Field: Organic chemistry, natural products chemistry

Biography
Walter Norman Haworth was born at
Chorley, Lancashire, on March 19, 1883. He attended the local
school until the age of fourteen when he joined his father,
Thomas Haworth, to learn linoleum design and manufacture. His
interest in chemistry was aroused through the use of dyestuffs in
his work and his thirst for further knowledge led him to seek
private tuition in Preston. This coaching enabled him to pass the
entrance examination of the University of Manchester and in 1903 he
entered the Chemistry Department as a pupil of W.H. Perkin,
Junior. He graduated with first class honours in 1906 and after
three years research he went, on a scholarship, to Wallach's laboratory at Göttingen.
He received his doctor's degree in 1910 and returned to
Manchester to be awarded his D.Sc. degree in 1911 - these
qualifications were gained in the minimum time possible.
In 1911, Haworth took an appointment as a demonstrator at the
Imperial College,
London and in 1912 he moved to St. Andrews,
Scotland, as Lecturer and Reader in Chemistry. In 1920, he
was called to the Chair in Chemistry at the University of Durham
and in the following year succeeded Phillips Bedson as Director.
Haworth was appointed Professor and Director of the Department of
Chemistry in the University of Birmingham in 1925 and he remained in
this position until his retirement in 1948, becoming Dean of the
Faculty of Science and acting as Vice-Principal during 1947-1948.
Sir Norman was active in retirement, serving on many Boards and
Committees; he represented the Royal Society at
the Seventh Pacific Science Congress in New Zealand during
February, 1949. He was knighted in 1947.
Haworth's early researches, initially with Perkin, involved
investigations on the constitution of terpenes and in 1912 he
synthesized sylvestrene. At St. Andrews, in association with T.
Purdie and J.C. Irvine, he turned his attention to carbohydrates,
extending Emil Fischer's method
of reacting sugars with methanol to an elegant preparation of
methylated derivatives which were, in turn, used to characterize
the constitution of sugars.
During the First World War, Haworth organized the laboratories at
St.

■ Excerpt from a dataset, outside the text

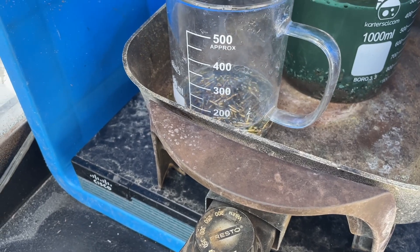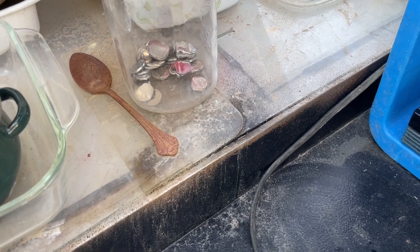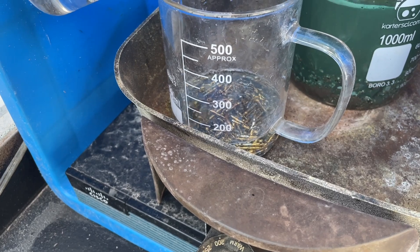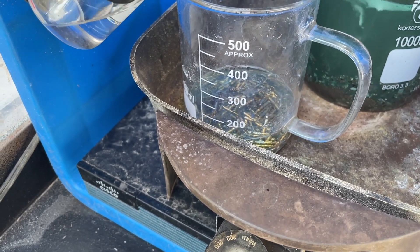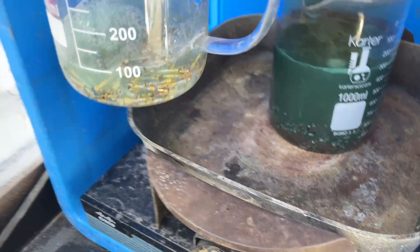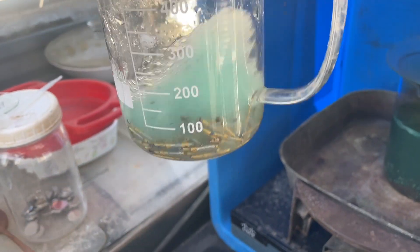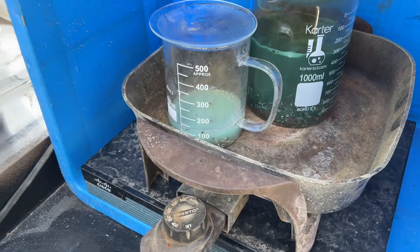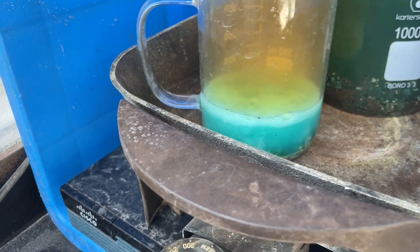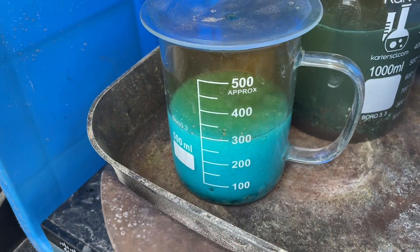I'm going to grab this entire container and put another line in there — that should give us about enough to get it rolling. Yeah, we got about 10 or 12 mL in there. We'll get it heated up and go from there. It's only been a couple minutes — about three minutes — and it's already boiling.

Andrews for the production of fine chemicals and drugs; after
the war he returned once more to his carbohydrate investigations.
By 1928, he had evolved and confirmed, among others, the
structures of maltose, cellobiose, lactose, gentiobiose,
melibiose, gentianose, raffinose and the glucoside ring structure
of normal sugars. He studied lactones from sugars and co-related
structure with optical rotatory powers. His method for the
determination of chain length in methylated polysaccharides, an
important structural problem, helped to settle the basic features
of the starch, cellulose, glycogen, inulin and xylan
molecules.
Following the synthesis of ascorbic acid, which considerably
cheapened commercial production, Haworth's later researches
contributed greatly towards further co-ordination of the
chemical, physical and biological, problems concerned with
bacterial polysaccharides.
Haworth wrote numerous scientific papers and contributed to
Advances in Carbobydrate Chemistry. His book The
Constitution of Sugars was published in 1929.

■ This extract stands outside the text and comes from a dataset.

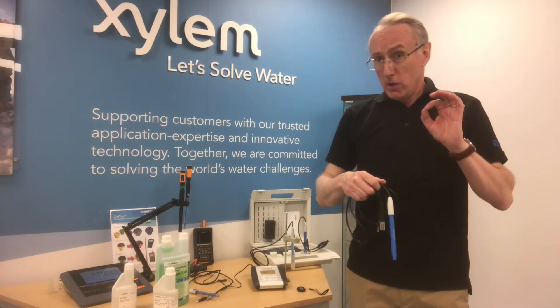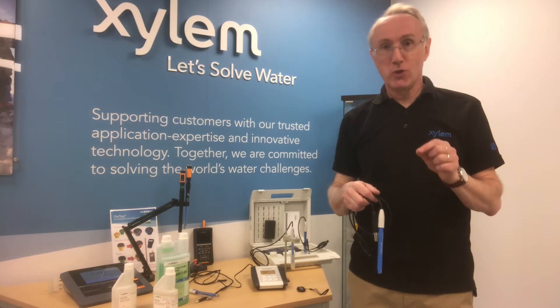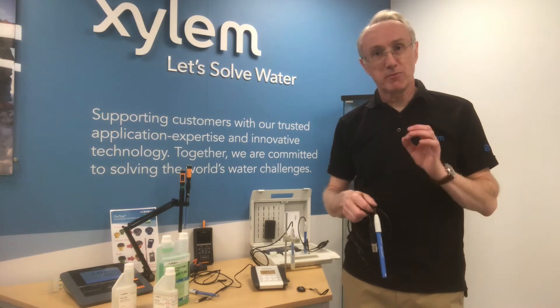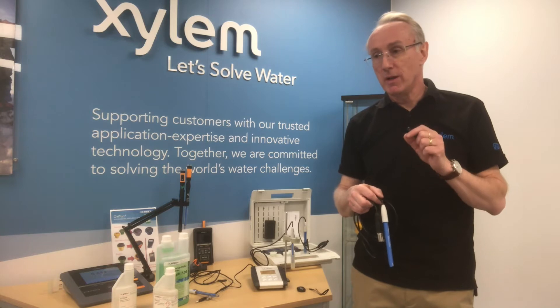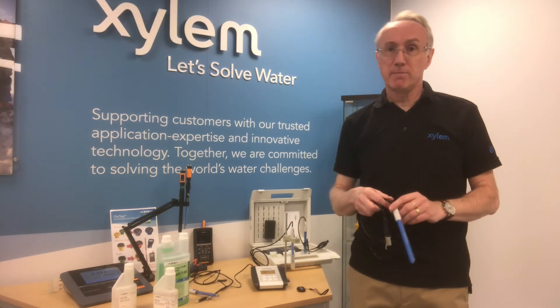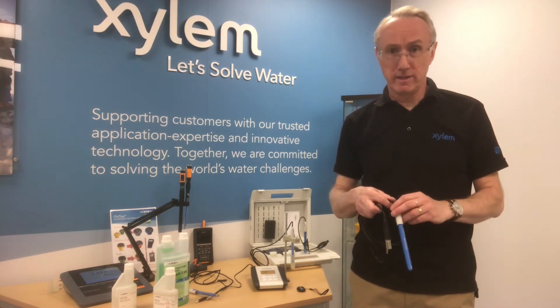My question to you is: do your pH electrodes last as long as you expect them to last, and do they work as well as you would hope? If the answer is no, it's probably one of two things — either your pH electrode is not the right one for the solution you're putting it in, or you need to store and look after it in a different way.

Haworth was President of the Chemical Society (1944-1946), and
Fellow (1928), and Vice-President (1947-1948) of the Royal
Society. He received honorary science degrees from the
Universities of Belfast, Zurich and Oslo, honorary Doctor of Law, University of
Manchester, and foreign memberships of nine foreign scientific
academies. He was the Longstaff Medallist (Chemical Society),
1933; Davy Medallist (Royal Society), 1934, and Royal Medallist,
1942.
In 1922, Haworth married Violet Chilton, second daughter of Sir
James Dobbie, LL.D., F.R.S. They had two sons. He died suddenly
on March 19, 1950.
From Nobel Lectures, Chemistry 1922-1941, Elsevier Publishing Company, Amsterdam, 1966
This autobiography/biography was written at the time of the award and first published in the book series Les Prix Nobel. It was later edited and republished in Nobel Lectures. To cite this document, always state the source as shown above.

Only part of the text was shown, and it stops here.